VA audit finds upkeep at Hilo’s veterans cemeteries lacking, seeks review of all in state

  • In this Tribune-Herald file photo, Robert Nesbitt power washes a headstone May 13 with members of the Veterans of Foreign Wars Post 3875 at Hawaii Veterans Cemetery in Hilo.

  • Kelsey Walling/Tribune-Herald Some rows of headstones are askew Monday at Hawaii Veterans Cemetery in Hilo.

An audit released Thursday by the Department of Veterans Affairs Office of Inspector General found what it called “critical deficiencies” at veterans cemeteries in Hilo and Makawao, Maui.

The audit report on nine sample cemeteries receiving “significant” federal funding through the Veterans Cemetery Grants Program in fiscal years 2017 and/or 2018 found deficiencies in eight of those cemeteries, some of them decades old.


In the Hawaii cemeteries, those include “a lack of permanent or properly installed grave markers, inaccurate and missing maps of graves, no process for tagging caskets and urns, and inconsistent safety standards,” the report said.

Cemeteries receiving those grants are required to ensure those cemeteries are maintained in accordance with National Cemetery Association standards.

The report called for the NCA to work with the state Office of Veterans’ Services “to conduct an extensive assessment of all eight Hawaii state veterans cemeteries, including oversight and operations, staffing needs (including training), grave site marker accuracy, and grounds conditions.”

Although the Office of Veterans’ Services is responsible for oversight of the state veterans cemeteries, upkeep of all but the State Veterans Cemetery in Kaneohe, Oahu, has been left to county governments. In Hawaii County, Hilo’s two veterans cemeteries and West Hawaii Veterans Cemetery are maintained by the county Department of Parks and Recreation.
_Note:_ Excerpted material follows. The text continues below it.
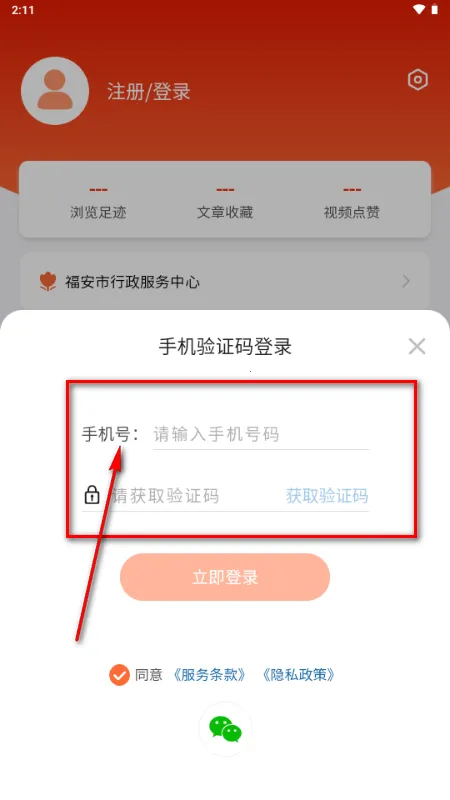 ���ո���2026���°�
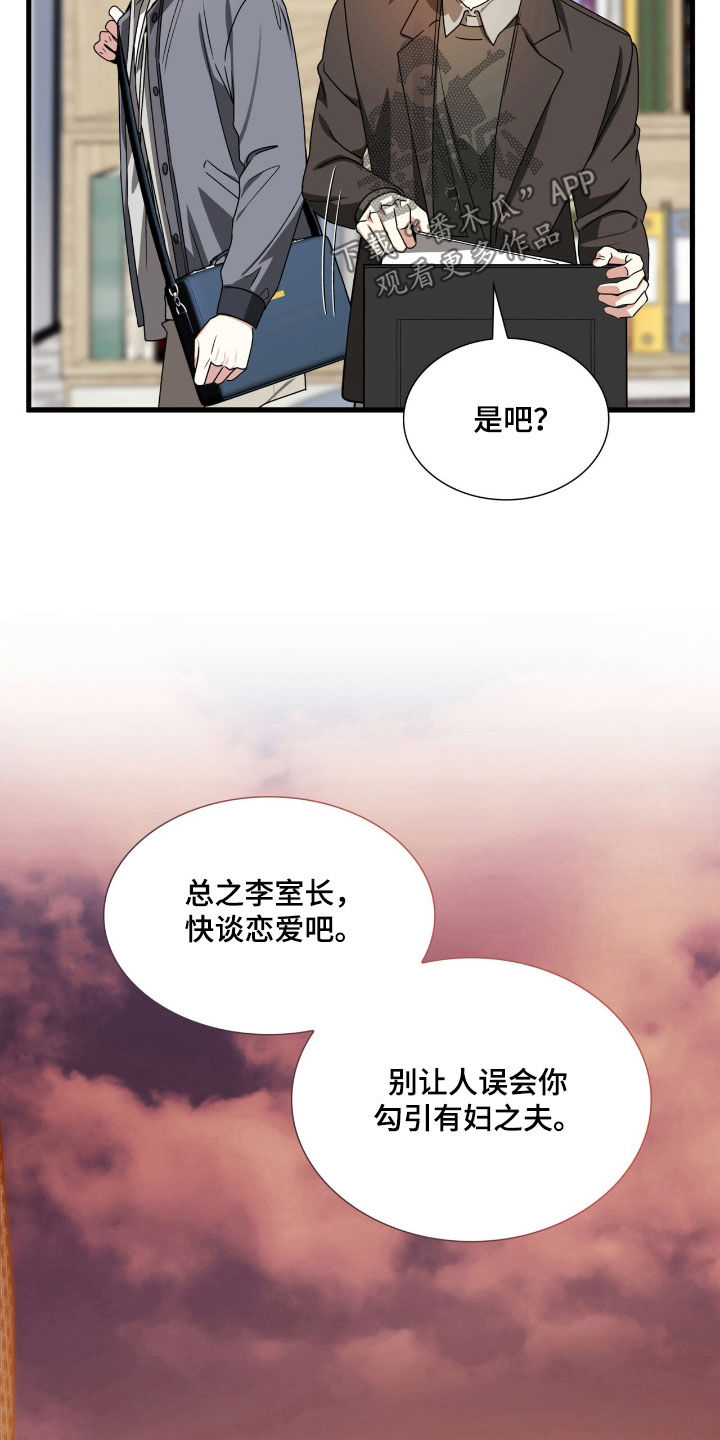 焚心余烬漫画,第58章：关你什么事2图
“We appreciate the report, and we look forward to reviewing the report more closely with our team and making sure our veterans cemeteries on the island are up to par,” Maurice Messina, Parks and Recreation director and a Navy veteran, said Monday. “As a veteran myself, I take our veterans cemeteries seriously, and I know that our maintenance workers have a caring heart, as well. When I came in as director in December, one of my first meetings was with our maintenance folks that take care of our 13 cemeteries on island, and paying special consideration to our three veterans cemeteries.”

A 2016 compliance review at the Hilo veterans cemeteries found that the 75 flat grave markers chosen in its random sample “were not properly installed and were merely placed on the ground over the gravesite.”
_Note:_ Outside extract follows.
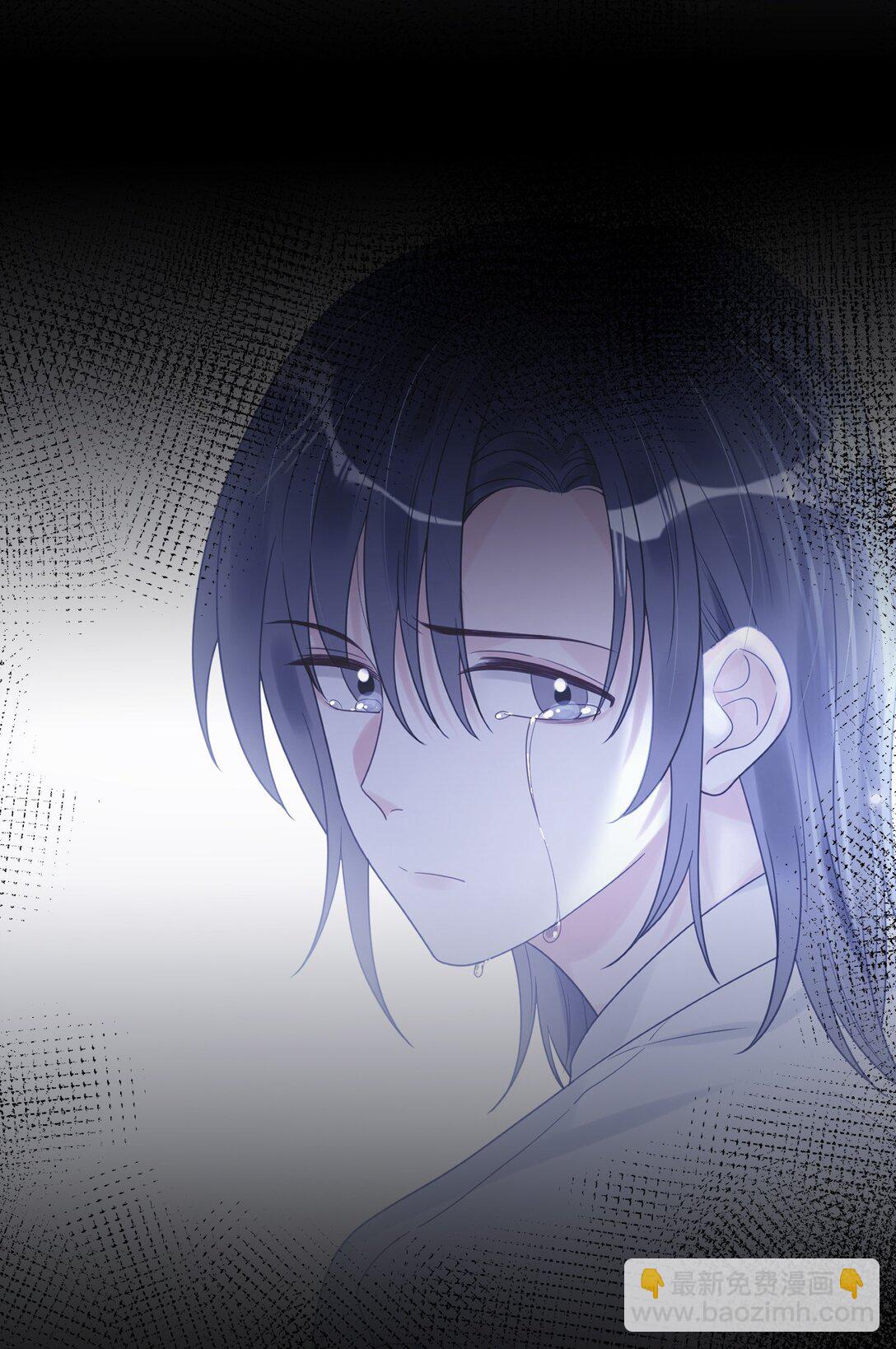 041 好痒(1/2)-第42话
“Flat markers could be easily moved and placed over the wrong gravesite,” the report said. It added the parks maintenance superintendent told investigators the county lacked staffing to properly install the markers, “because it does not receive money from the state to run the cemetery.”

Messina said Monday the county still doesn’t receive state funding “for day-to-day maintenance of our veterans cemeteries.”

The audit team also found 42 gravesites outside the sample sites which didn’t meet the NCA requirement that graves bear permanent markers within 60 days of burial. That includes the grave of a veteran’s spouse that has borne a temporary marker for 19 years, plus grave sites that have been unmarked between two and 19 years.

The February 2020 review of 75 sample graves didn’t find any gravesite discrepancies, but concluded Hilo’s cemeteries “still lacked a graveside layout plan and had no maps for visitors.” It also found lack of a tagging process for caskets and urns to ensure the decedent is buried in the correct grave, a problem identified in 2016.

In addition, standards that open graves be “protected by appropriate devices while unattended” weren’t adhered to.

The audit found the cemeteries “merely cover open graves with a piece of plywood” and are “not sufficiently secured from the public and other cemetery employees,” increasing liability risks.

The Hilo cemeteries were found “provisionally compliant” in 2016, which means, according to grant terms and conditions, an action plan to address discrepancies was supposed to be submitted to NCA — which didn’t occur, according to Thursday’s report.

The audit also found the Veterans Cemetery Grant Program awarded the Hilo cemeteries grants of $563,000 and $294,000 in 2016, plus $870,278 in 2017, even though no action plan for improvement was submitted. It also showed that that NCA “did not sufficiently follow up,” providing documentation of actions only from October 2019 to February 2021.

The report didn’t uncover misuse of grant money, but found the NCA “did not ensure cemeteries with grants met all NCA national shrine standards for installation of permanent markers, maintenance, and safety.”

“I need to review the standards with the new administration that we have, and also, I’ve spoken with Mr. (Roland) Han numerous times,” Messina said, referring to the Office of Veterans’ Services director. “And I know he’s there to assist us, and this report will help us get better. And we will look at our maintenance staffing, to make sure that it’s adequate to keep up with the standards.”


The Tribune-Herald also reached out Monday to the Office of Veterans’ Services, but didn’t receive a reply in time for this story.